*** Opening of The input ***
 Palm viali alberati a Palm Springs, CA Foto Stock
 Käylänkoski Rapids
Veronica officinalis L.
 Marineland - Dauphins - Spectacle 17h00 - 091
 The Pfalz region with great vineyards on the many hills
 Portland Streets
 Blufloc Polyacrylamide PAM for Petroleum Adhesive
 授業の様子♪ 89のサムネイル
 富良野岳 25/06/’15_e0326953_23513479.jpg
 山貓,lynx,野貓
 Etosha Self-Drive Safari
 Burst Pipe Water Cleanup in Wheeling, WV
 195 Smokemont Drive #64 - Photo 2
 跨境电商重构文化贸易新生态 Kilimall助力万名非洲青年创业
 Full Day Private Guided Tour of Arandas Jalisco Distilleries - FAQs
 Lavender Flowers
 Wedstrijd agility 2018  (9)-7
*** Close of The input ***
## The task
Repeat each entry above, matching every line exactly.

## Task response
 Palm viali alberati a Palm Springs, CA Foto Stock
 Käylänkoski Rapids
Veronica officinalis L.
 Marineland - Dauphins - Spectacle 17h00 - 091
 The Pfalz region with great vineyards on the many hills
 Portland Streets
 Blufloc Polyacrylamide PAM for Petroleum Adhesive
 授業の様子♪ 89のサムネイル
 富良野岳 25/06/’15_e0326953_23513479.jpg
 山貓,lynx,野貓
 Etosha Self-Drive Safari
 Burst Pipe Water Cleanup in Wheeling, WV
 195 Smokemont Drive #64 - Photo 2
 跨境电商重构文化贸易新生态 Kilimall助力万名非洲青年创业
 Full Day Private Guided Tour of Arandas Jalisco Distilleries - FAQs
 Lavender Flowers
 Wedstrijd agility 2018  (9)-7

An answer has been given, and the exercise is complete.